Not urgent. I did want to report it though.

I'm guessing this will come up again though. If you remember we wrote a trilinos_jsrun for the ATS-2 testing.

Well on El Cap, we don't need that type of tool - but to get faster testing throughput, I wrote a tool I shared with the FLUX team (the job manager on El Cap), that allows for much higher job throughput. But that script was in folder that my colleague couldn't see. Hopefully we won't need middle-man scripts like that on ATS-4 (El Cap), but in the stand-up process they are nice.

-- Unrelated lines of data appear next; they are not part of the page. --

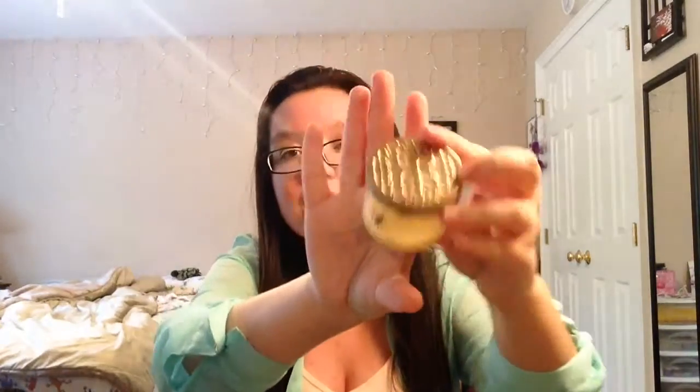This is another Bath and Body Works product — the Champagne Toast Bath and Body Works Candle. Pop, Clink, and Sparkle with an Evercent blend of Champagne, Juicy Nectarine, and Black Currant. I love the smell and I really wish I bought the big size of this because I love it so much. It's so cute — look at the packaging. I love it so much.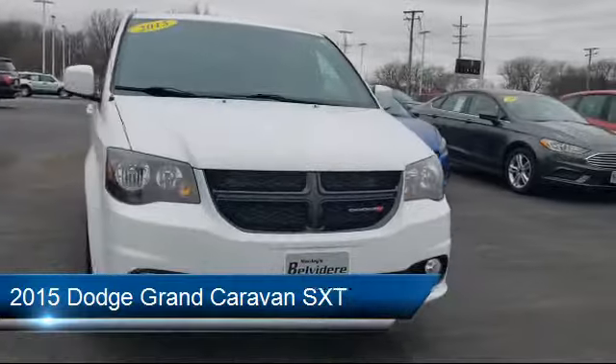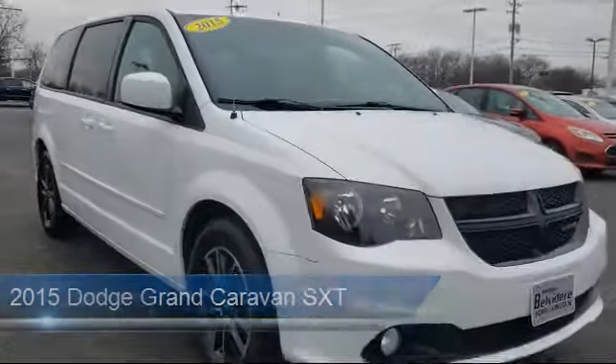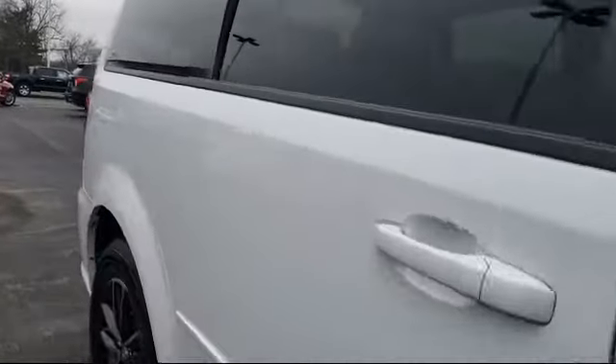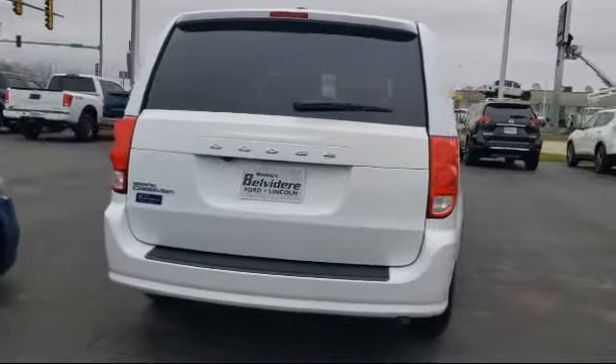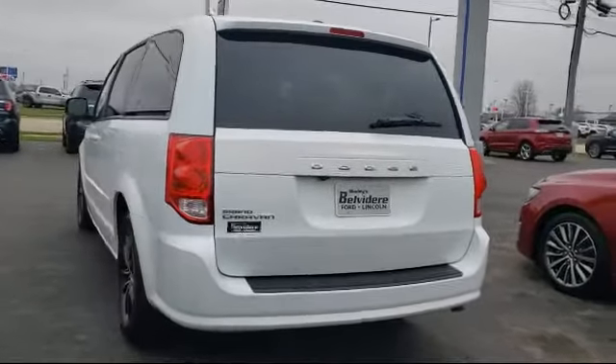and it comes equipped with roof rack, touring suspension, third row seating, steering wheel controls, Sirius satellite radio, rear spoiler, tire pressure monitoring system, alloy wheels, keyless entry, air conditioning, and has less than 55,000 miles on the odometer.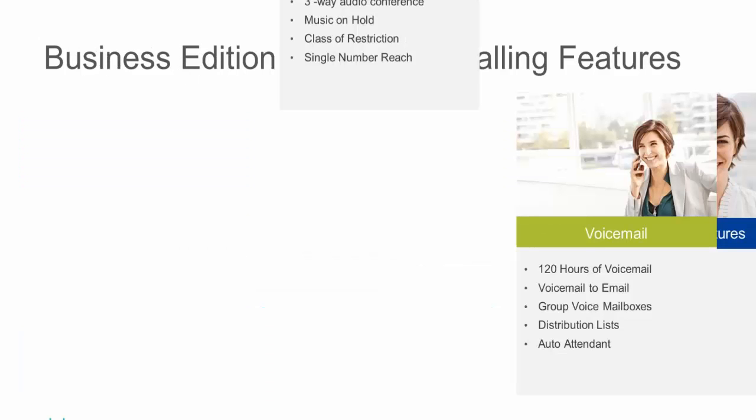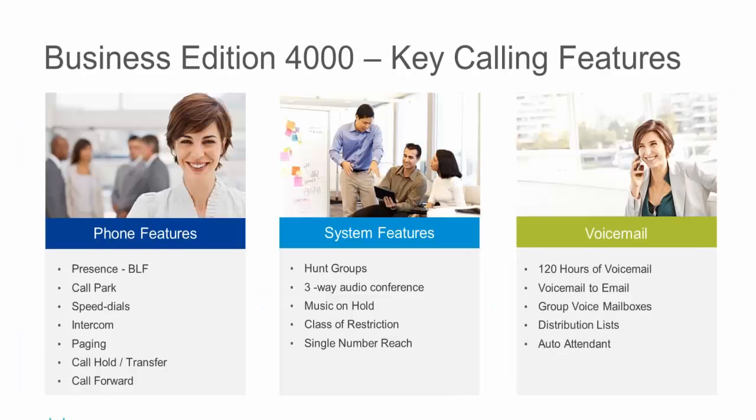Key calling features include presence and busy lamp field status, call park, and personal call park — allowing users to pick up calls for them at any phone on the system. Speed dials are available locally per user or system-wide. Intercom and paging are built in as day-one features. These are the Alexander Graham Bell-type features that small to medium businesses have been running on for years, and we've got those capabilities ready on day one.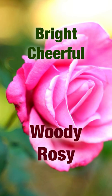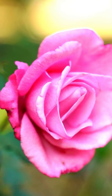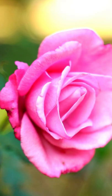Bright and cheerful, with a woodsy-rosy scent, this edible spice adds a piquancy and freshness. It has a sharp, peppery, spicy scent with woodsy overtones.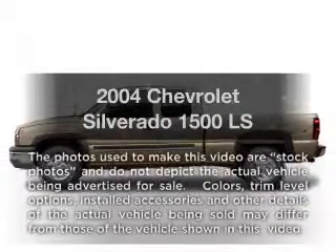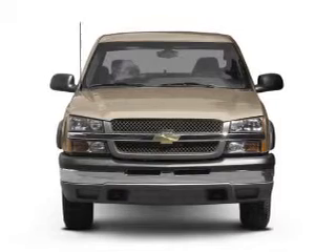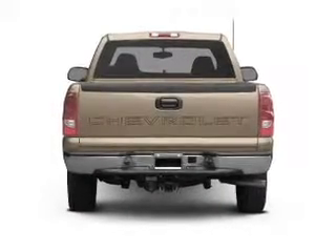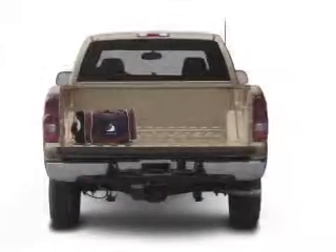Presenting the 2004 Chevrolet Silverado 1500, travel the roads in style and comfort in this great vehicle. With a powerful 8-cylinder engine that responds smoothly to its automatic transmission, the anti-lock braking system will keep you safe on the road.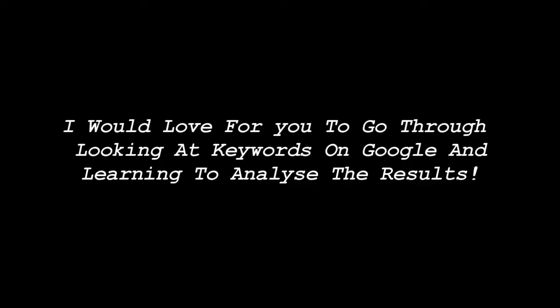This week's question comes from Sashila of www.bazildonpodiatry.co.uk. Sashila asked: 'I would love for you to go through looking at keywords on Google and learning to analyse the results, then putting the results on Excel spreadsheets.'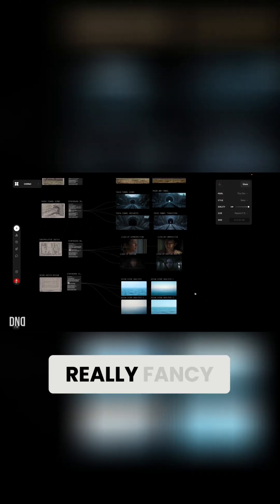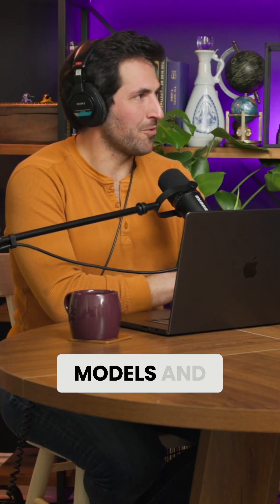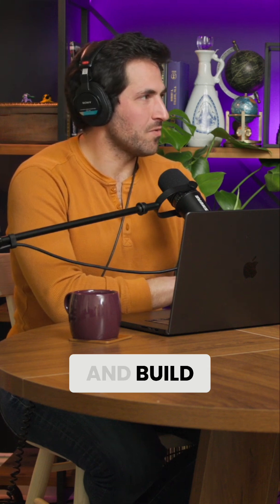If you put Flora on the screen, it looks like a really fancy version of ComfyUI with a UI that is more catered for a prosumer. It's not the extensive custom models and stuff that you're going to be able to find and build with ComfyUI.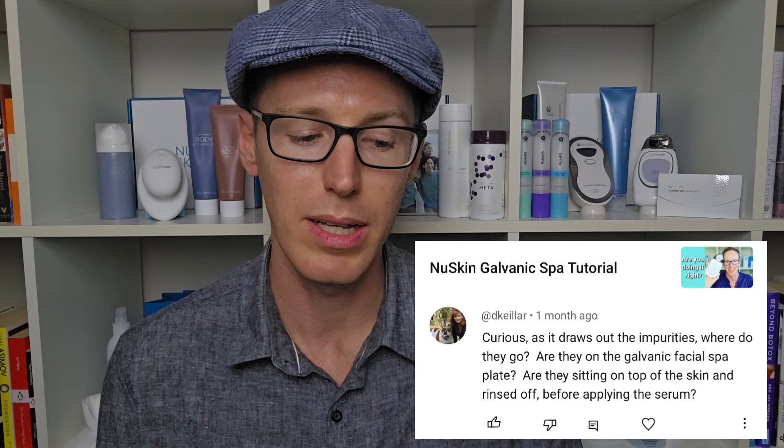Dekila commented on the NuSkin Galvanic Spa tutorial video asking: as it draws out the impurities, where do they go? Are they on the galvanic facial spa plate, or sitting on top of the skin? It's kind of both — the impurities will be in the gel on the plate of the face bar, and also in the gel on the skin. That's why you want to rinse that first gel off. You rinse it off with water in preparation for the second gel, and then afterwards let the second treatment soak in, rinse off the excess gel, and it'll take whatever it's drawn out of the skin along with it.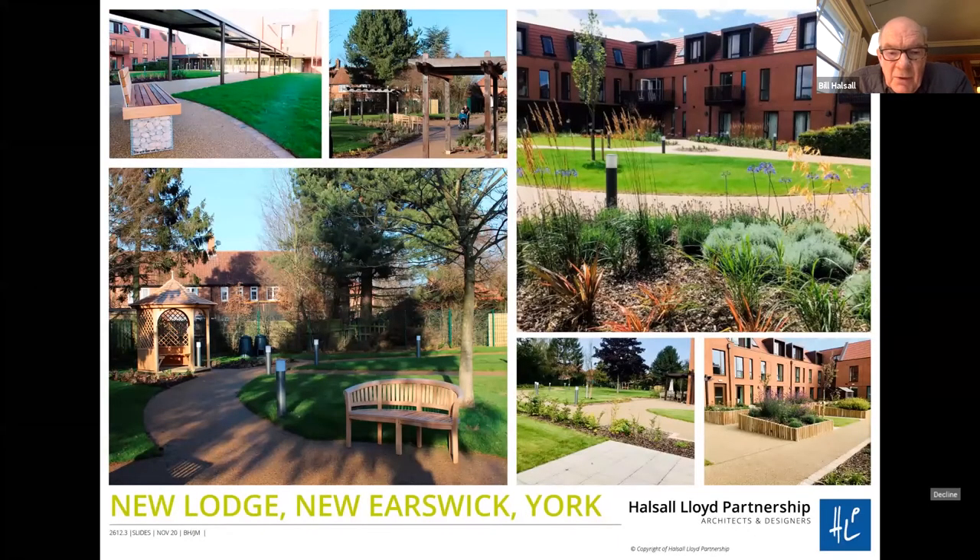This is New Lodge in New Earswick — one of the original garden villages — and this is a redevelopment at the heart of it. We were landscape architects for this. You can see in all these paths a uniform tonal and light reflectance value, and that light reflectance value continues into the buildings so they're designed as part of an integrated system. We've got the things we talked about before — benches that look like benches, gazebos that look like gazebos — richness in the planting, open aspects, directional clues like pergolas, and spaces for people to do their own gardening.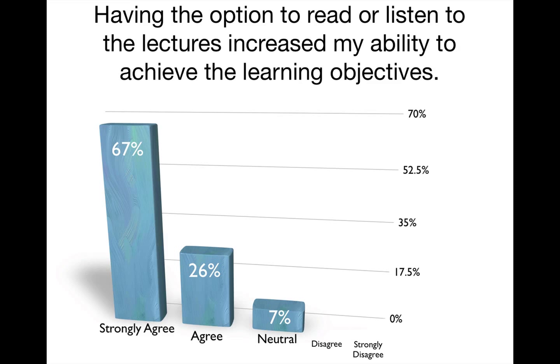One of the things I was particularly interested in was understanding how this option played a role in their learning, and whether or not they even needed or valued the option. Here you can see that 93% of the students strongly agreed or agreed that that option really helped them learn.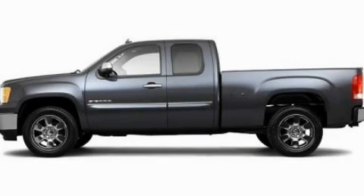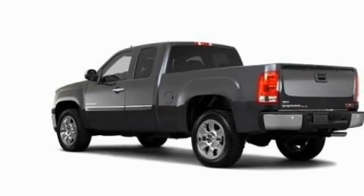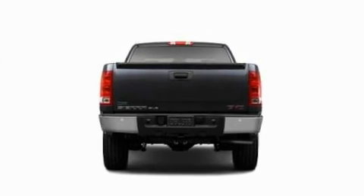This is a 2011 GMC Sierra 1500. It has what you need for work as well as what you want for play. It has a 5.3-liter, eight-cylinder engine and an automatic transmission.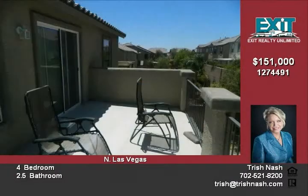Backyard with patio and plenty of room for a garden. For more information please call 702-521-8200 or see it on the web at trishnash.com.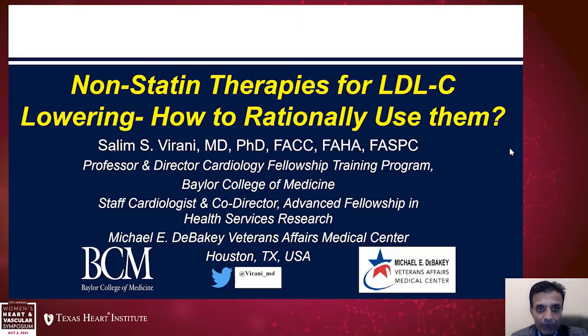Welcome, everyone, to the Texas Heart Institute Women's Symposium. It's my honor to present this topic in front of all of you, which is non-statin therapies for LDL cholesterol lowering. How do we rationally use them?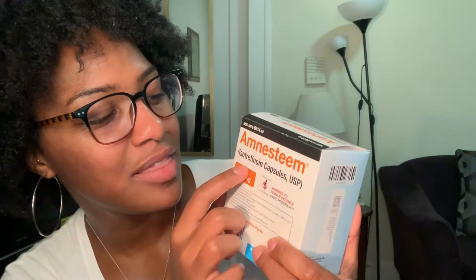It's just hard to remember that I'm now taking three pills a day — that's a lot of pills. To show you which one I'm on: I'm on Amnestine. This is the active ingredient in any of the brands for Accutane. The one I'm on is Amnestine, and I'm on 40 milligrams.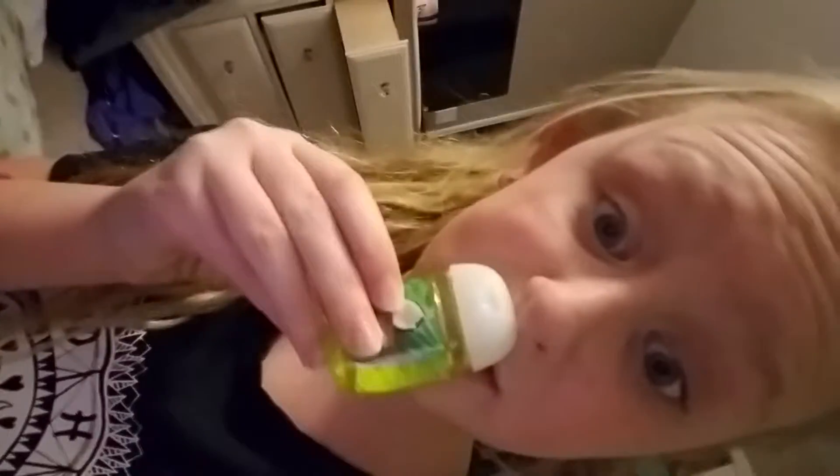So I decided that we're going to do a Bath and Body Works shopping haul. So the first thing is it's called Cabana Coconut. Here's the Cabana Coconut — it is the best stuff ever. So then we have this one, and it's called Champagne Sparkle. I love this one.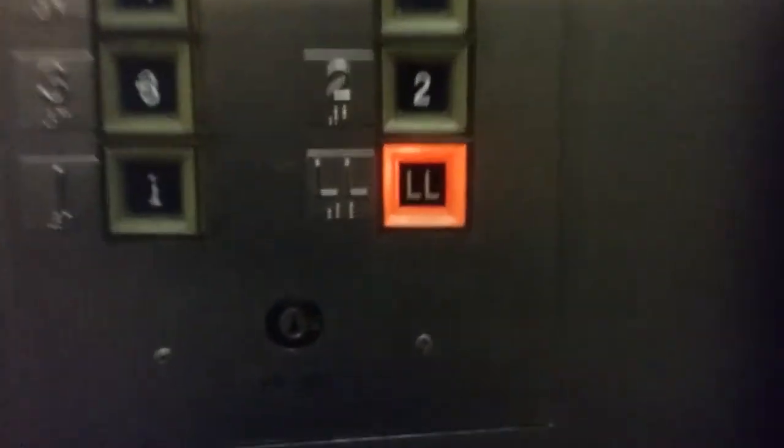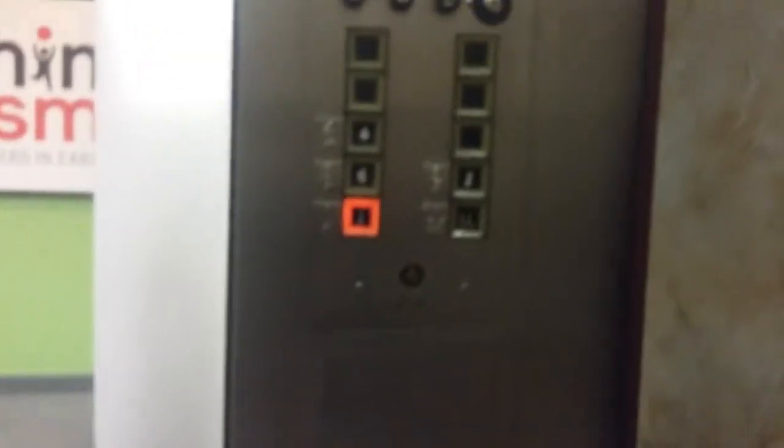Watch the button go out. And we'll watch the classic button — they're on. There goes the end.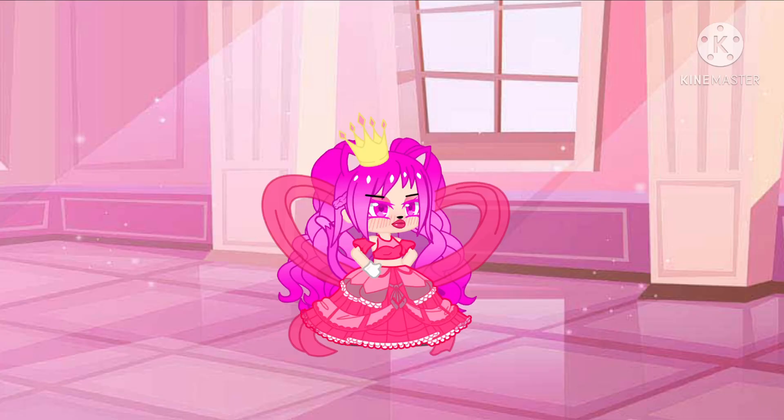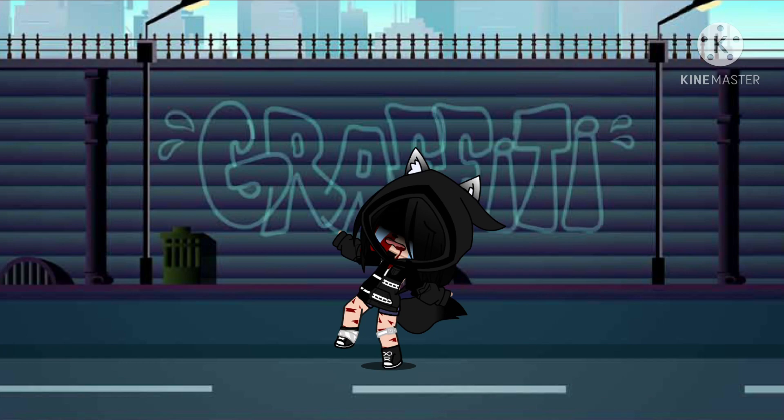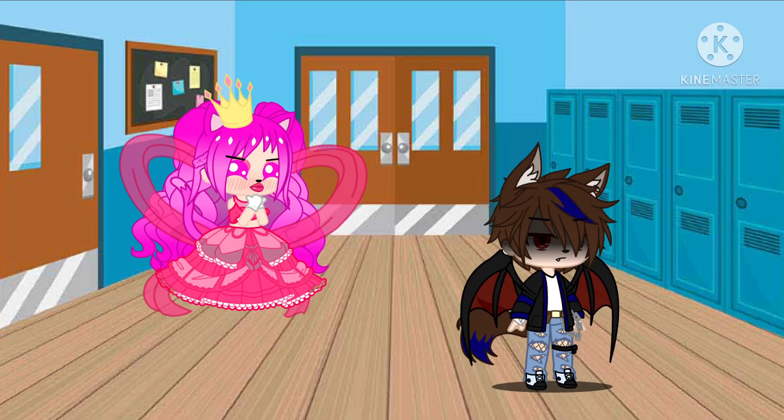While the Gotcha Life Spoiled Brat is mainly found bullying their sister, the depressed hated child, they can also be found bullying other people, or fangirling over the alpha demon wolf boy.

What stinks is how ambiguous the error was. I guess I have enough intuition now to know how to diagnose things better. But anyone else that would have seen this likely would have done alot of wrong things trying to resolve it.

bartlettroscoe commented 10 months ago

What stinks is how ambiguous the error was.

@jjellio, many errors often are, depending who sees them. That is why it is good to be paranoid and check everything you can (unless there is a significant performance hit, which is often not the case for issues like this).